### Problem to work on
Copy the records below in full, keeping each word as it is but omitting the pictures.

### Extracted information
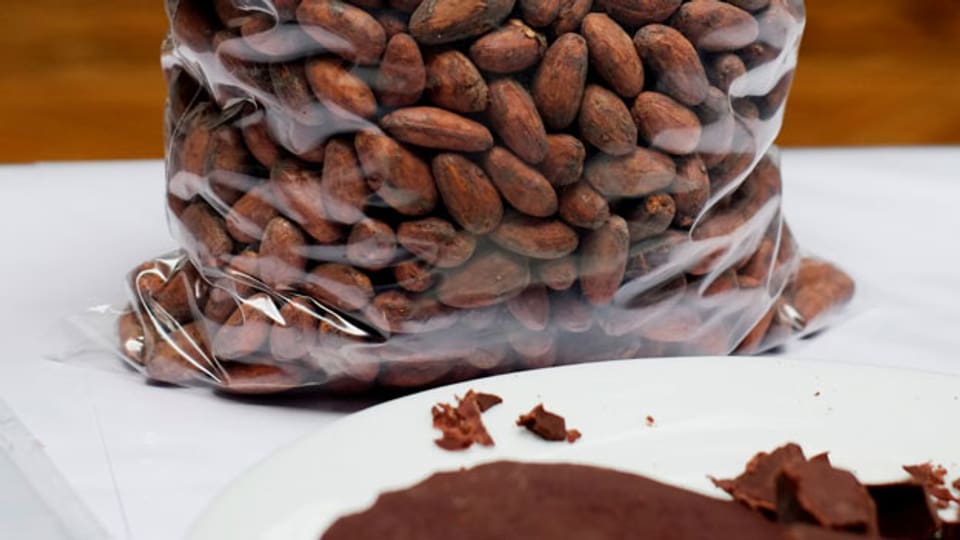 Kakaobohnen und Schokoladenstücke.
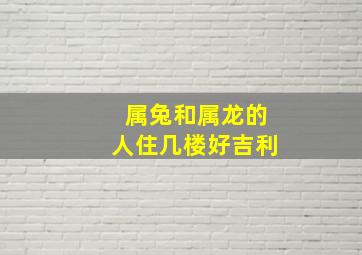 属兔和属龙的人住几楼好吉利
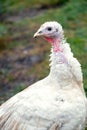 White turkey on the background of green grass. Growing turkeys on the farm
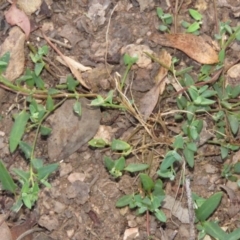 Einadia nutans (Climbing Saltbush) at QPRC LGA - 13 Jan 2016 by CCPK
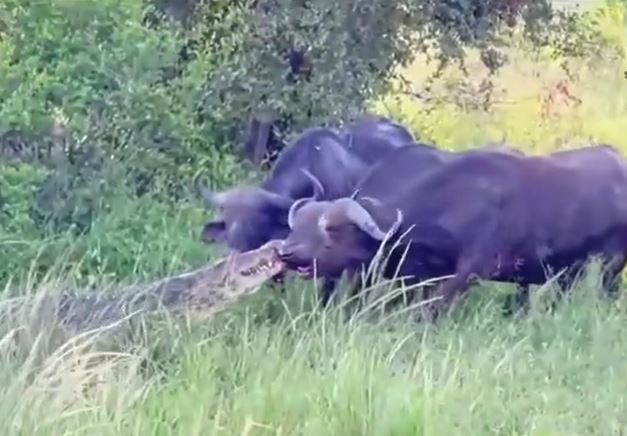 Ảnh cắt từ clip.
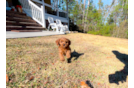 Cavapoo Pup Being Cute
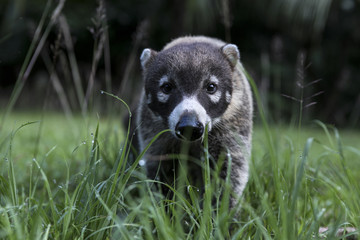 Coati in the Rain Forest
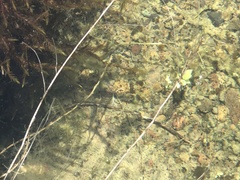 Rana boylii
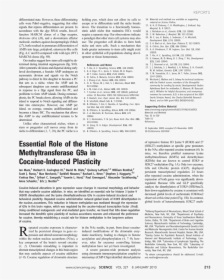 Document, HD Png Download, Free Download
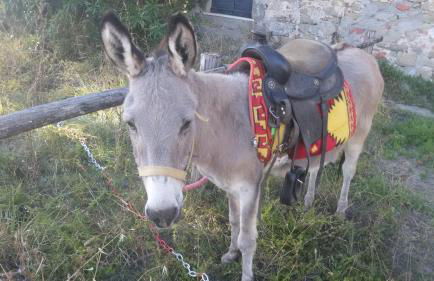 Casa Teresina - Foto 33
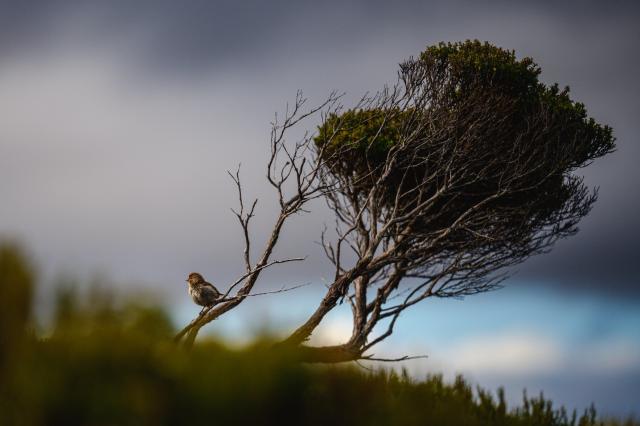 A photo of a common Redpoll (Acanthis flammea) perching in the last rays of sun on a windswept manuka, as dark clouds approach. On Pearl Island, Port Pegasus / Pikihatiti, at the Southern end of Stewart Island / Rakiura, New Zealand.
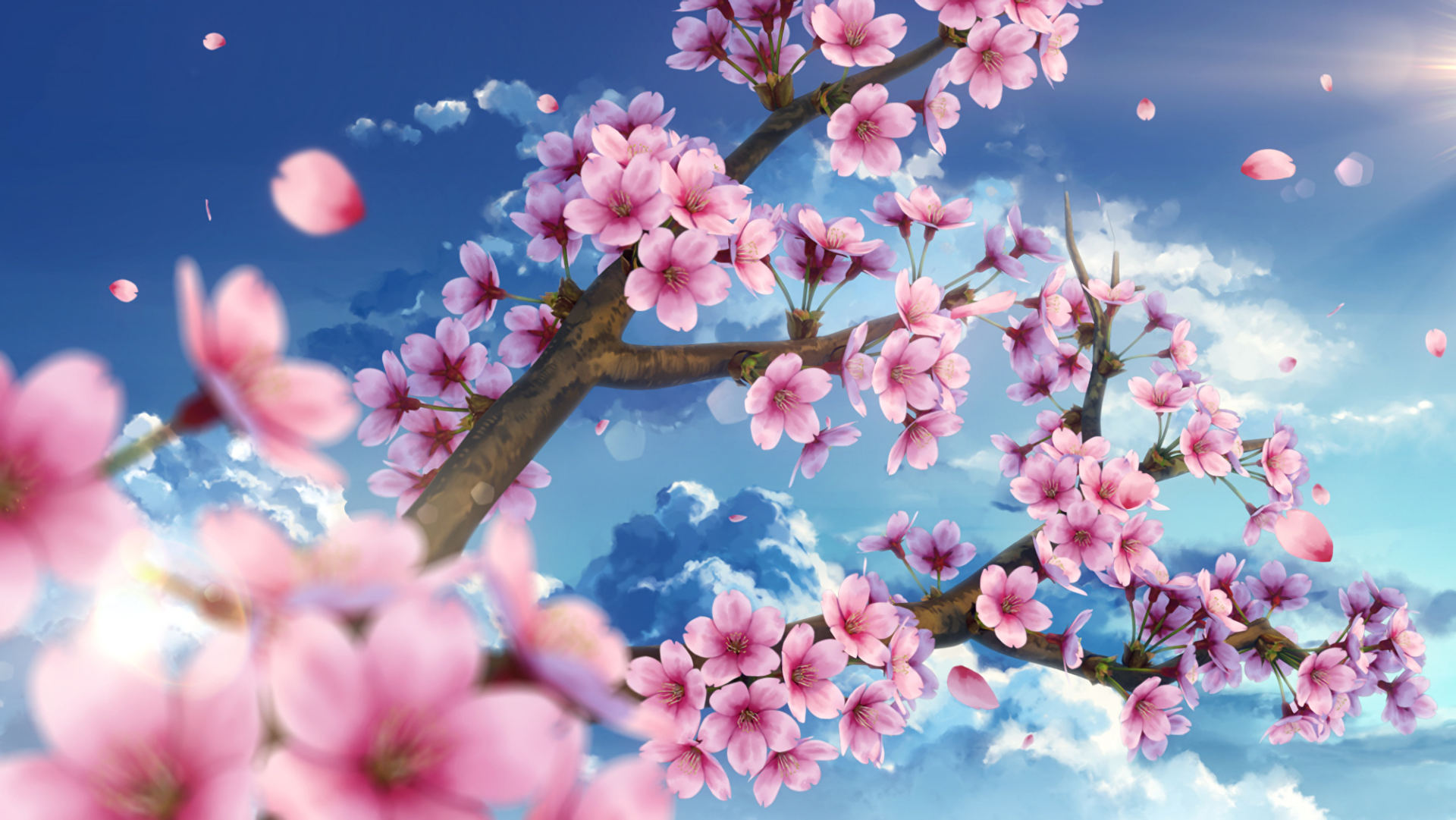 Anime Blossom Sky HD Wallpaper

### Response
 Kakaobohnen und Schokoladenstücke.
 属兔和属龙的人住几楼好吉利
 White turkey on the background of green grass. Growing turkeys on the farm
 Einadia nutans (Climbing Saltbush) at QPRC LGA - 13 Jan 2016 by CCPK
 Ảnh cắt từ clip.
 Cavapoo Pup Being Cute
 Coati in the Rain Forest
 Rana boylii
 Document, HD Png Download, Free Download
 Casa Teresina - Foto 33
 A photo of a common Redpoll (Acanthis flammea) perching in the last rays of sun on a windswept manuka, as dark clouds approach. On Pearl Island, Port Pegasus / Pikihatiti, at the Southern end of Stewart Island / Rakiura, New Zealand.
 Anime Blossom Sky HD Wallpaper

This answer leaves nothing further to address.